- WORK REQUIRED: Begin at the first line of the data and copy each line through the one containing "MUDFOSSIL TOOTH? What Animal?", that line included, with no pictures.
========================
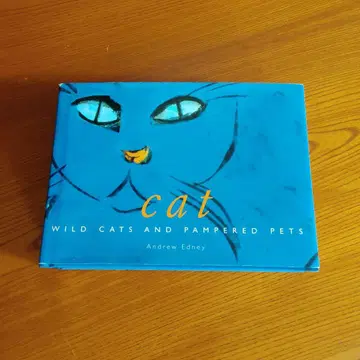 고양이 회화집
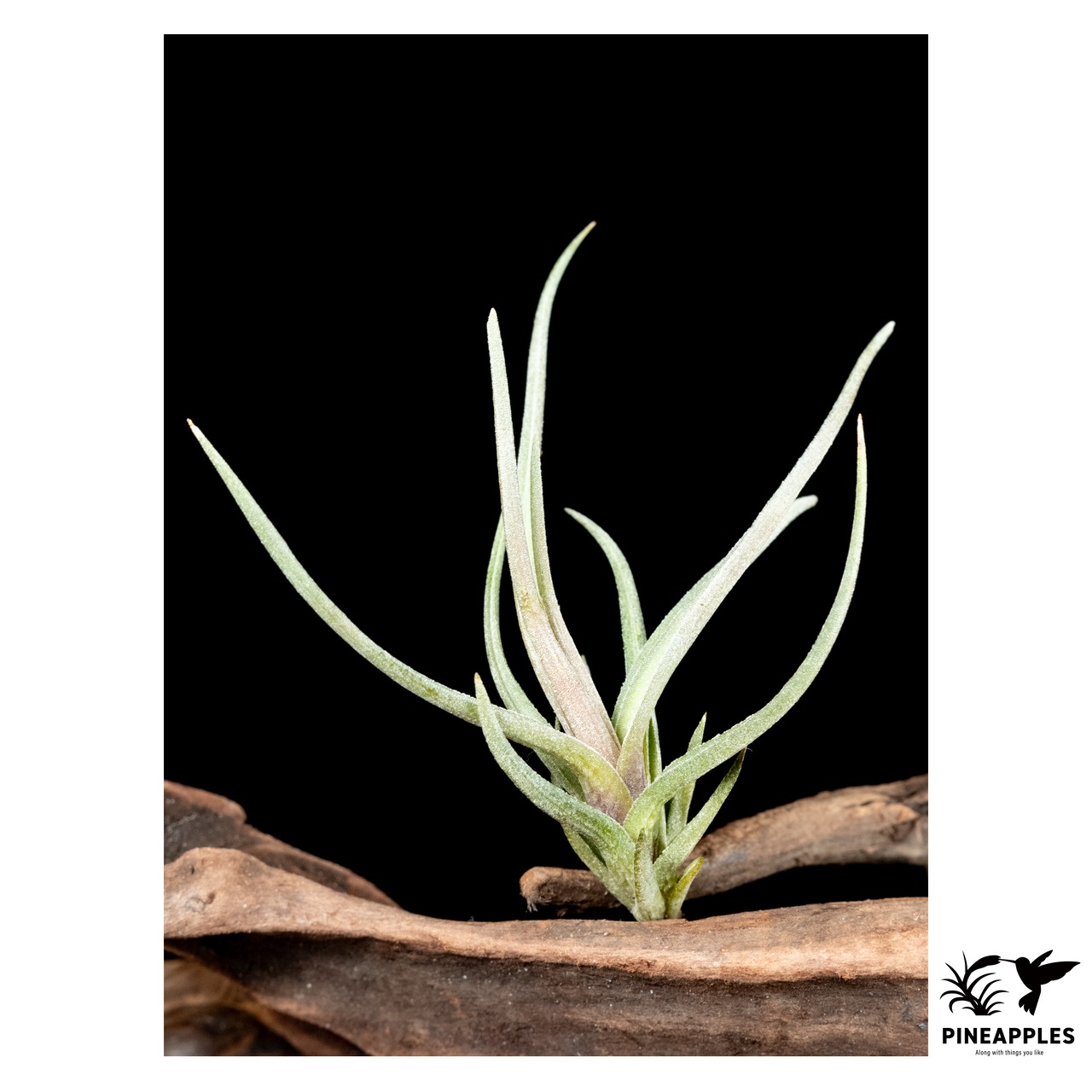 Tillandsia argentina (Magenta Flower) - 1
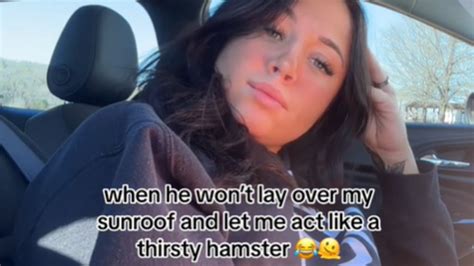 The Thirsty Hamster Sunroof Thing / Hamstering | Know Your Meme
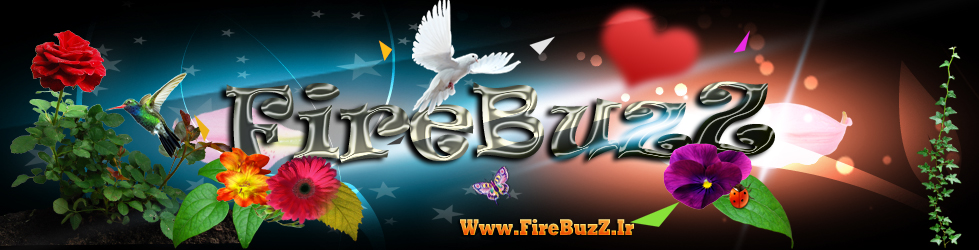 FireBuzZ TM Community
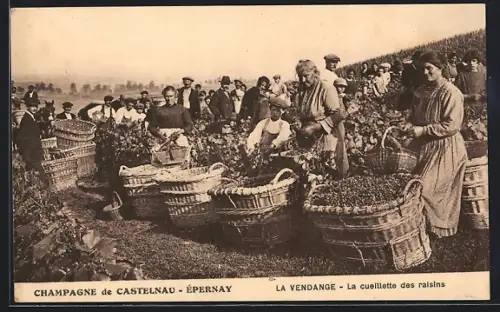 AK Castelnau /Épernay, La Vendange, La cueillette des raisins
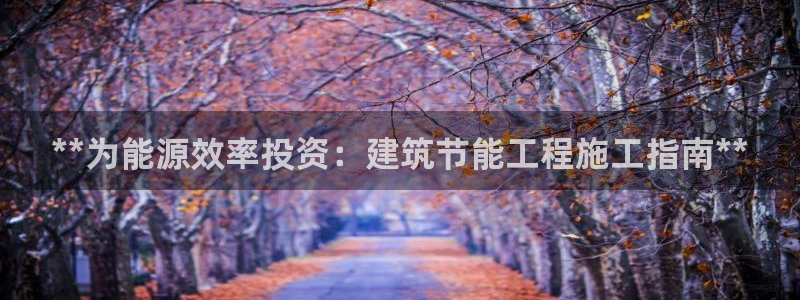e尊国际是个黑网：**为能源效率投资：建筑节能工程施工指南**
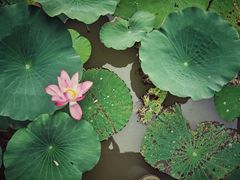 -大湾区中央湿地公园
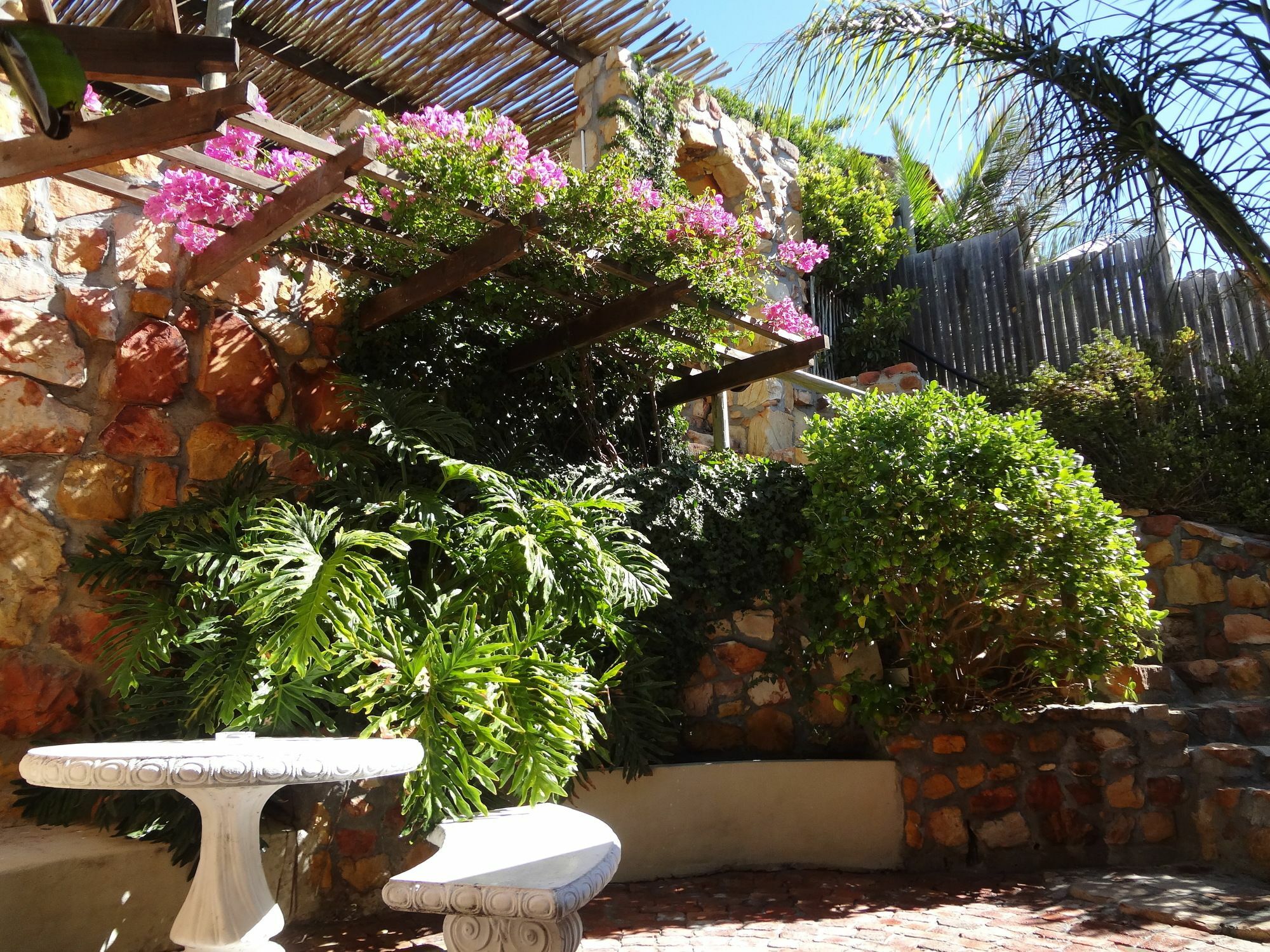 African Violet Guest Suites Noordhoek Esterno foto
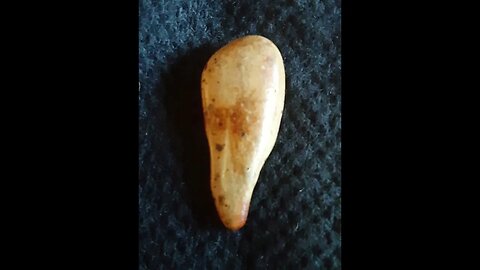 MUDFOSSIL TOOTH? What Animal?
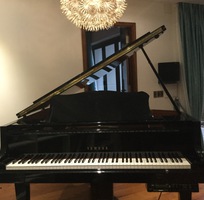 5 Bán đàn piano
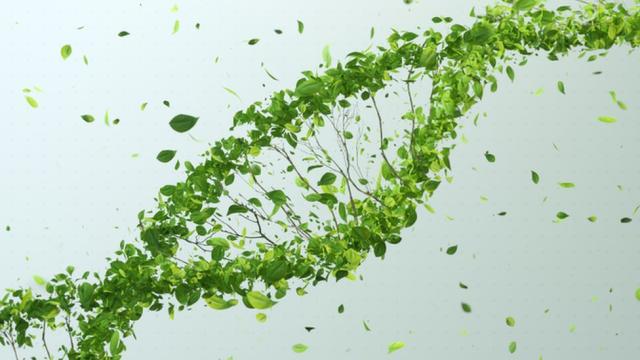 Una ilustraci&#xf3;n de una cadena de ADN hecha de hojas
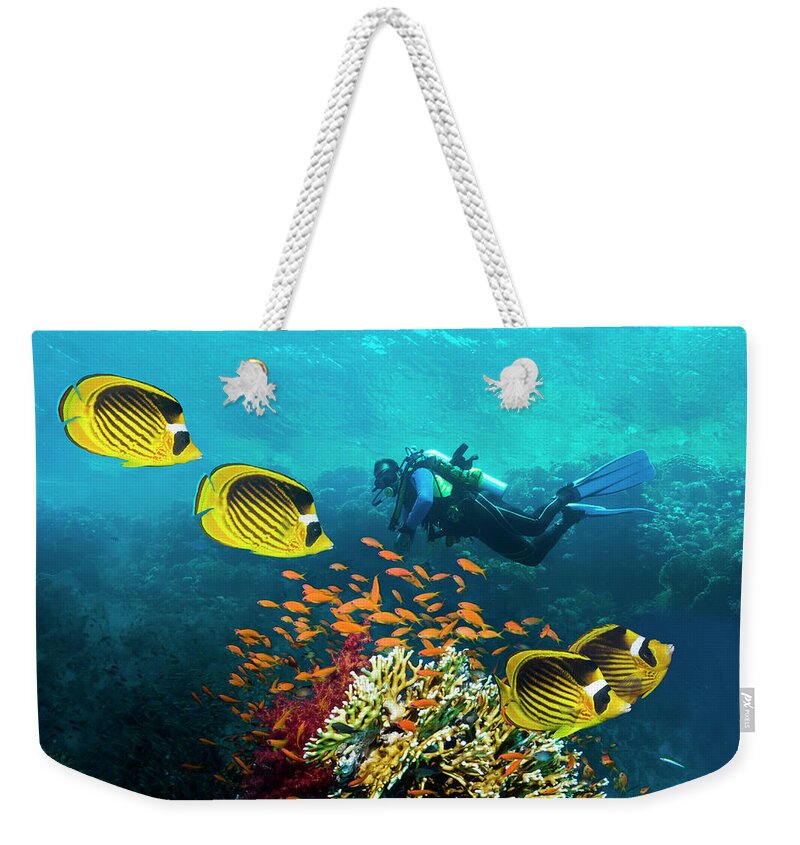 Raccoon Butterflyfish Weekender Tote Bag featuring the photograph Male Scuba Diver Over Coral Reef by Georgette Douwma
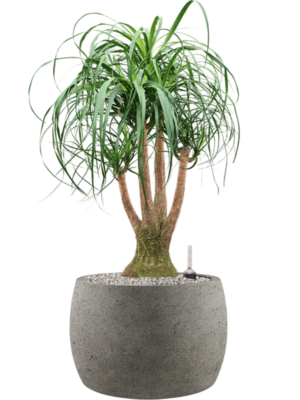 Beaucarnea recurvata en Grigio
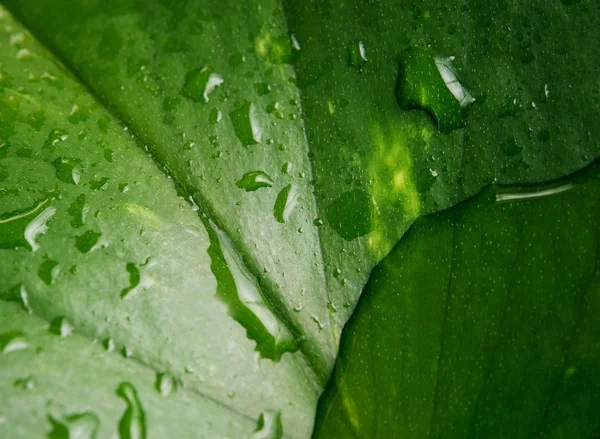 Textura da folha húmida — Fotografia de Stock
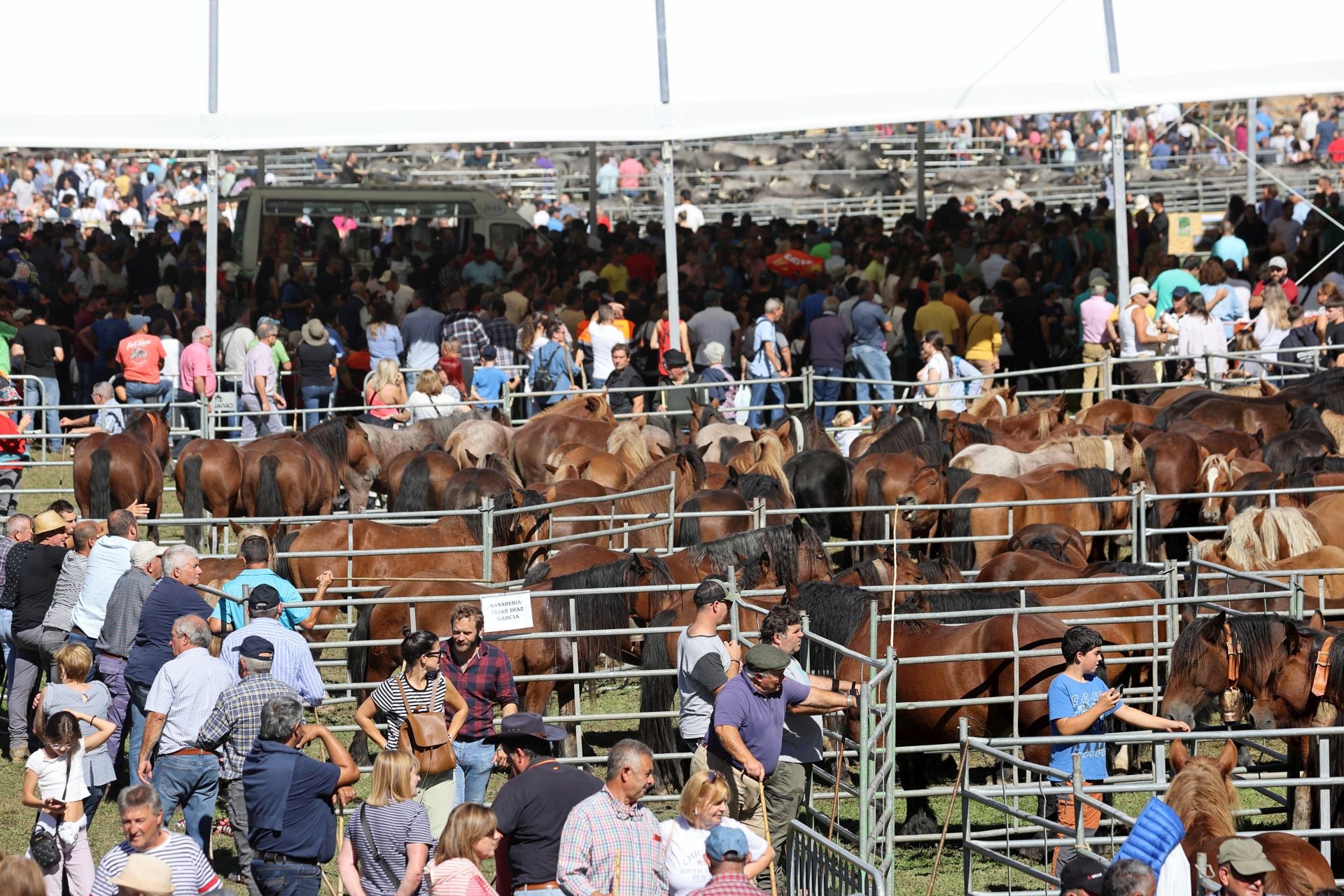 En esta edición se contó con la participación de unas 400 cabezas de ganado caballar en la feria.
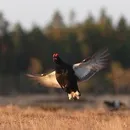 картинки тетерев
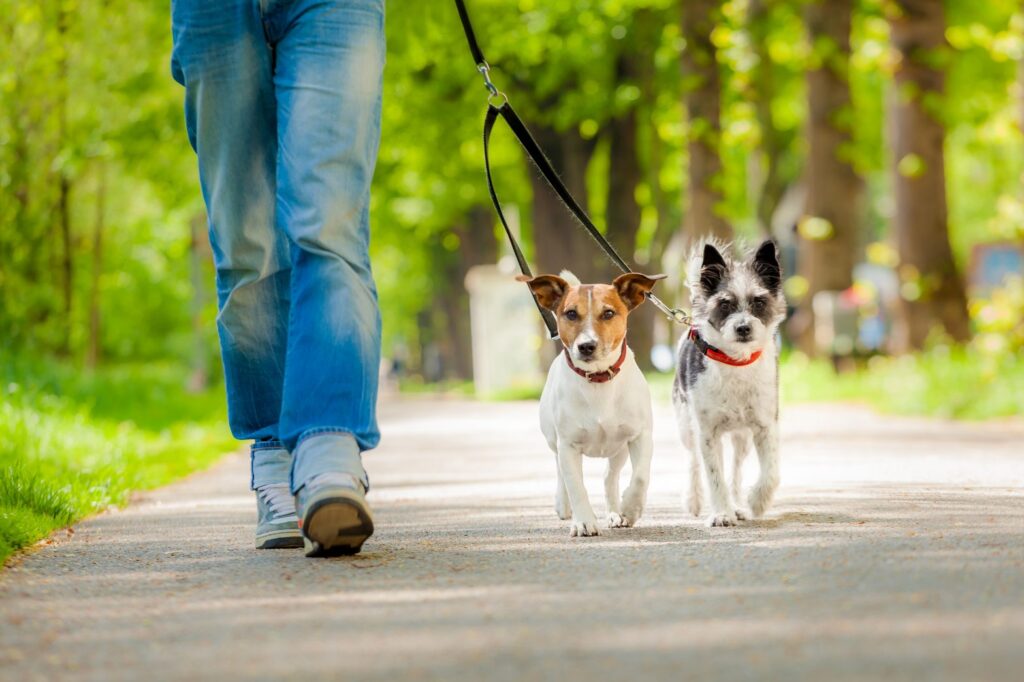 Dog Walker/Trainer/Groomer Business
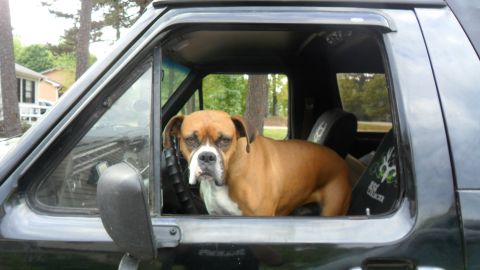 1986 Ford Bronco - A dog appears to be driving a vehicle, looking out the window.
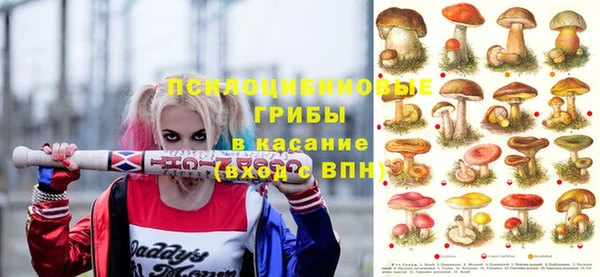 apvp Алексин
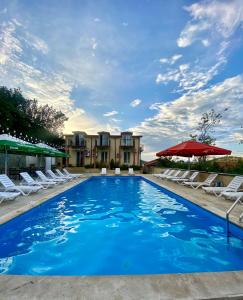 西格纳吉Hotel Traveler的一个带椅子和红伞的游泳池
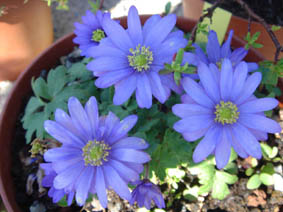 Anemone blanda 'bleue'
========================
- RESULT OF THE TASK:
 고양이 회화집
 Tillandsia argentina (Magenta Flower) - 1
 The Thirsty Hamster Sunroof Thing / Hamstering | Know Your Meme
 FireBuzZ TM Community
 AK Castelnau /Épernay, La Vendange, La cueillette des raisins
e尊国际是个黑网：**为能源效率投资：建筑节能工程施工指南**
 -大湾区中央湿地公园
 African Violet Guest Suites Noordhoek Esterno foto
 MUDFOSSIL TOOTH? What Animal?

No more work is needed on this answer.